COP29 di Baku, un vertice senza conquiste decisive per il clima
La 29ª Conferenza delle Parti (COP29) della Convenzione quadro delle Nazioni Unite sui cambiamenti climatici si è conclusa lo scorso venerdì 22 novembre, portando con sé un misto di speranze e delusioni. Questo appuntamento cruciale, tenutosi in una fase storica segnata da eventi climatici estremi sempre più frequenti, aveva l'obiettivo di accelerare l'azione globale per affrontare la crisi climatica.
Tra i principali risultati della COP29 spicca l'accordo su un fondo per le perdite e i danni, Loss and Damage Fund, destinato a sostenere i paesi più vulnerabili agli impatti del cambiamento climatico.
Questo strumento, pur essendo stato discusso a lungo nelle conferenze precedenti, ha finalmente trovato una base operativa, anche se resta da vedere come verrà finanziato e gestito.
Un altro passo in avanti è stato l’impegno rafforzato da parte di numerosi paesi per eliminare gradualmente i combustibili fossili non mitigati.
Tuttavia, le ambizioni su questo fronte variano notevolmente tra gli Stati, e la formulazione degli impegni lascia spazio a interpretazioni divergenti.
Nonostante i progressi, molti osservatori sottolineano come la COP29 abbia mancato l’obiettivo di stabilire una chiara roadmap verso il raggiungimento degli 1,5°C di aumento massimo della temperatura globale. I piani nazionali di riduzione delle emissioni (NDCs) rimangono insufficienti per raggiungere questo obiettivo fondamentale.
Inoltre, la discussione sull’eliminazione completa dei sussidi ai combustibili fossili è stata rimandata, evidenziando le difficoltà politiche ed economiche di un tema tanto delicato quanto essenziale.
La COP29 ha ribadito che la transizione climatica è in atto, ma il ritmo resta troppo lento rispetto all'urgenza della crisi.
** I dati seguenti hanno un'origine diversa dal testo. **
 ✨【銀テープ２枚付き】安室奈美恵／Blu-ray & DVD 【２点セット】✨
Sarà fondamentale che i prossimi appuntamenti portino a impegni vincolanti e verificabili, con una maggiore pressione verso gli stati e le aziende che continuano a investire nei combustibili fossili.
Per quanto, invece, concerne le politiche climatiche del governo italiano sono giudicate «fortemente inadeguate» e «poco ambiziose» secondo la Climate Change Performance Index (CCPI), una classifica globale stilata annualmente da Germanwatch, Climate Action Network e New Climate Institute. Il rapporto, presentato durante l'evento di Baku, offre un quadro preoccupante per l'Italia, che si colloca al 43º posto a livello mondiale per performance climatiche.
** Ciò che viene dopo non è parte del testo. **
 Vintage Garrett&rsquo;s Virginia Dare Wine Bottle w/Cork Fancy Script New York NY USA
Sebbene vi sia un lieve miglioramento rispetto al 2023 (44ª posizione), il paese registra un netto peggioramento rispetto al 2022, evidenziando una tendenza poco incoraggiante.
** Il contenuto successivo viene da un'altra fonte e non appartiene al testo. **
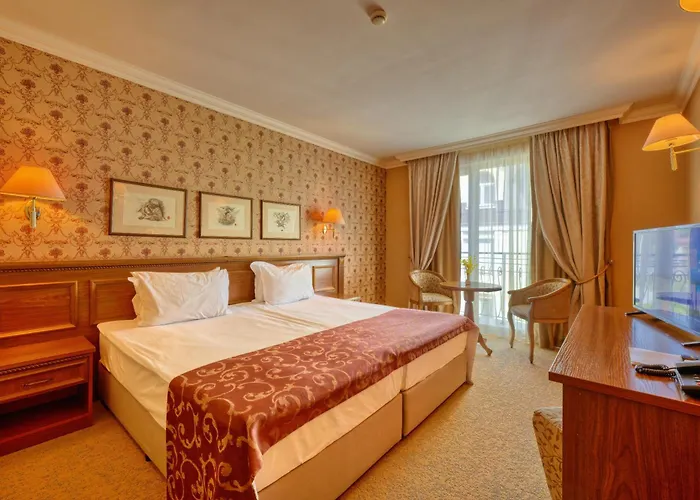 Club מלון היסריה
Confrontando l’Italia con i soli Stati membri dell’Unione Europea, il risultato è ancora più deludente: tra i 27 paesi, l’Italia si posiziona al 20º posto, segnalando un ritardo significativo rispetto agli standard continentali.
Le critiche principali del rapporto si concentrano su alcune decisioni del governo Meloni, tra cui il rinvio della chiusura delle centrali a carbone dal 2025 al 2029 e il ritmo ancora troppo lento nello sviluppo delle energie rinnovabili. Questi fattori, secondo gli autori dello studio, compromettono seriamente la capacità dell’Italia di affrontare in modo efficace la crisi climatica.
In definitiva, la COP29 è stata un passaggio importante, ma non risolutivo. La sfida climatica richiede una risposta collettiva più coraggiosa e decisa, capace di tradurre le parole in azioni concrete per il bene del pianeta e delle generazioni future.